→ **Description of the task**: Would you please retype, exactly, the lines of the listing below between the line with "echarm hotel changsha" and the line with "日本ハム チキチキボーンの素 100g×2パックのサムネイル", inclusive?

→ **Task input**:
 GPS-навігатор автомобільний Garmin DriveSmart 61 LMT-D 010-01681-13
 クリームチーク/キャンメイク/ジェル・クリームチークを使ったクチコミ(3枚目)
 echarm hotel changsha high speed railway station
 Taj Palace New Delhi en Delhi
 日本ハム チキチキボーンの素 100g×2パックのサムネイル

* * *

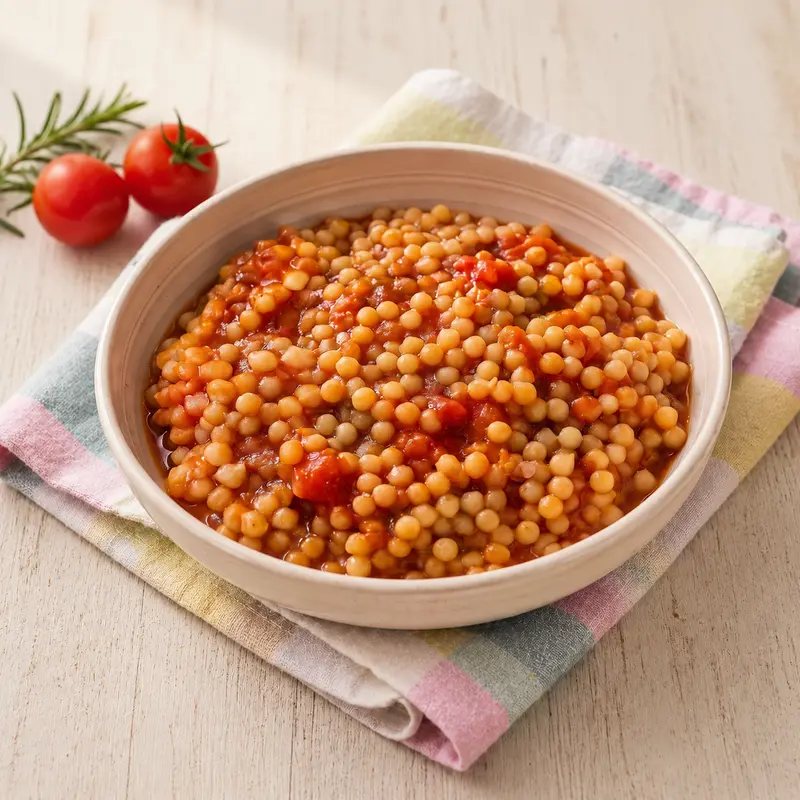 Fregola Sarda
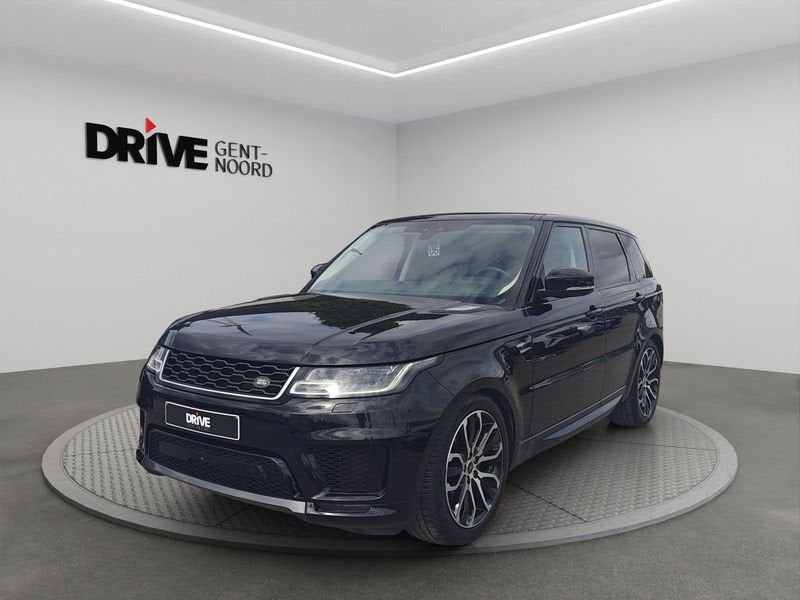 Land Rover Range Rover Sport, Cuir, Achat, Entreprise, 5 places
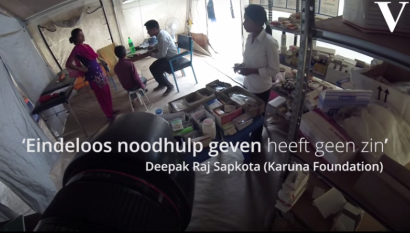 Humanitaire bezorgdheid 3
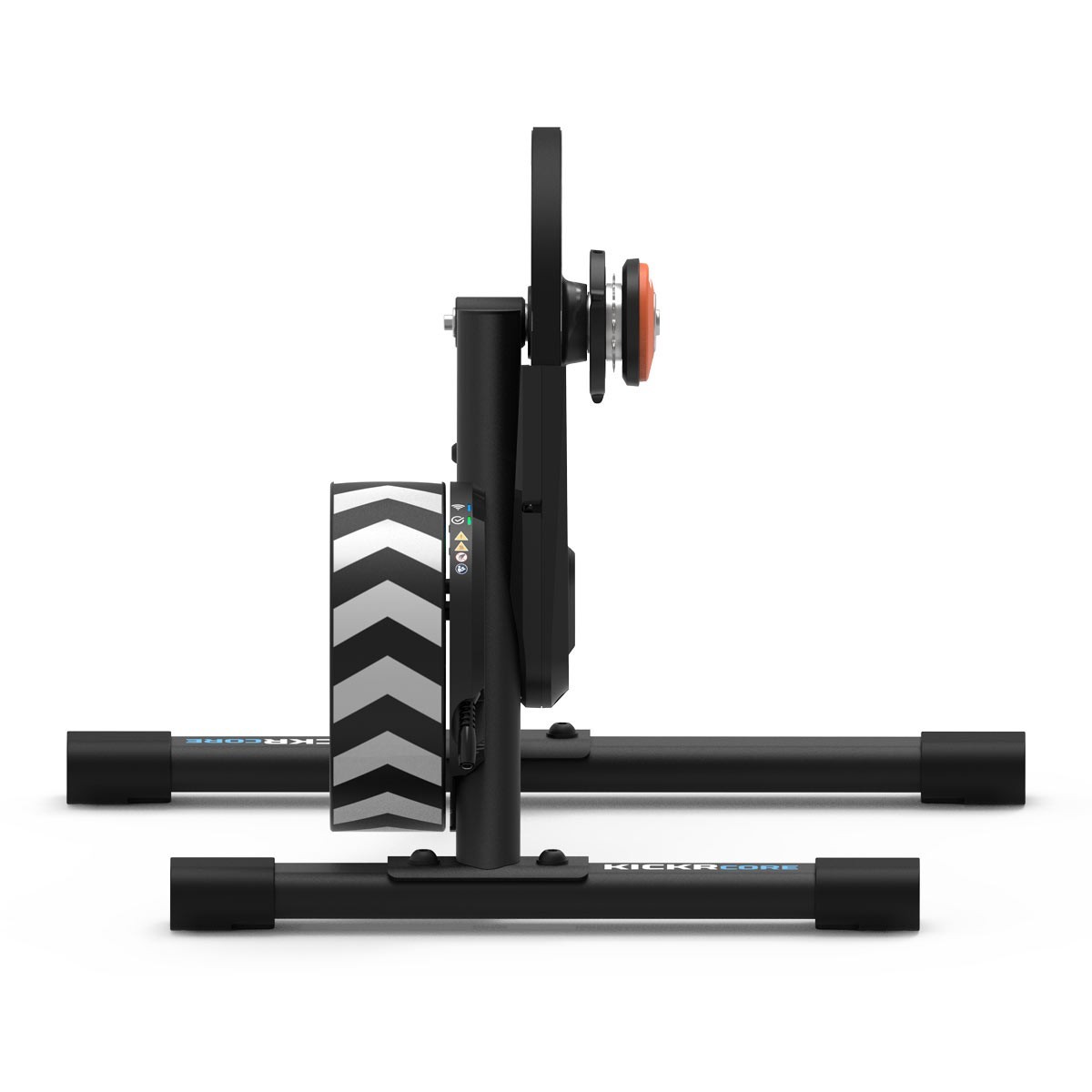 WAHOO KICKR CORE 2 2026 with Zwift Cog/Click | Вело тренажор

...

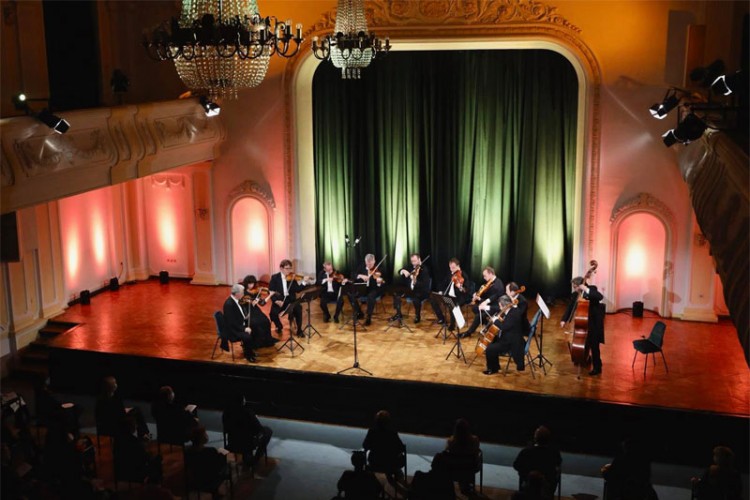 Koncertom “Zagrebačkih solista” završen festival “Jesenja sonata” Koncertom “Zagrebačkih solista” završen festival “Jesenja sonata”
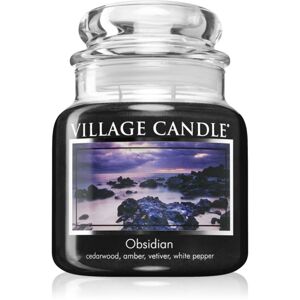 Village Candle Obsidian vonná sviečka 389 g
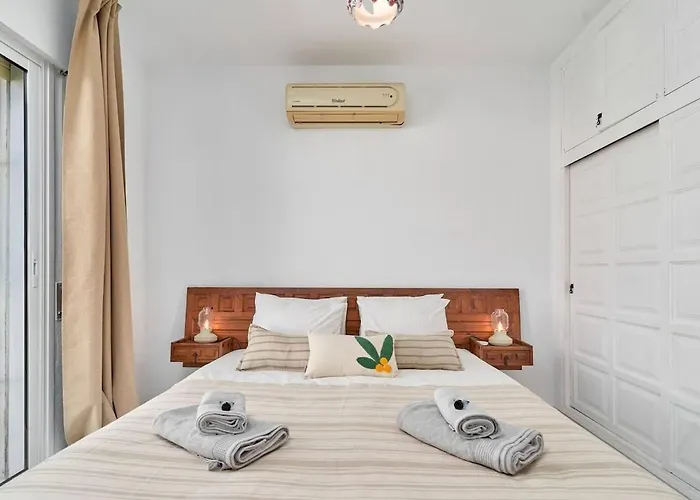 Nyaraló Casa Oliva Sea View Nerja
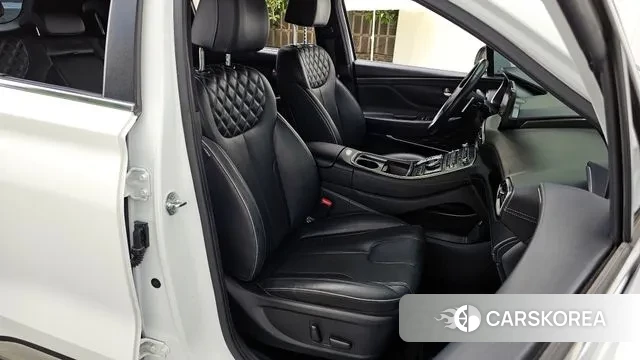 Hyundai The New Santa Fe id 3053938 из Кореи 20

→ **Finished task**:
 echarm hotel changsha high speed railway station
 Taj Palace New Delhi en Delhi
 日本ハム チキチキボーンの素 100g×2パックのサムネイル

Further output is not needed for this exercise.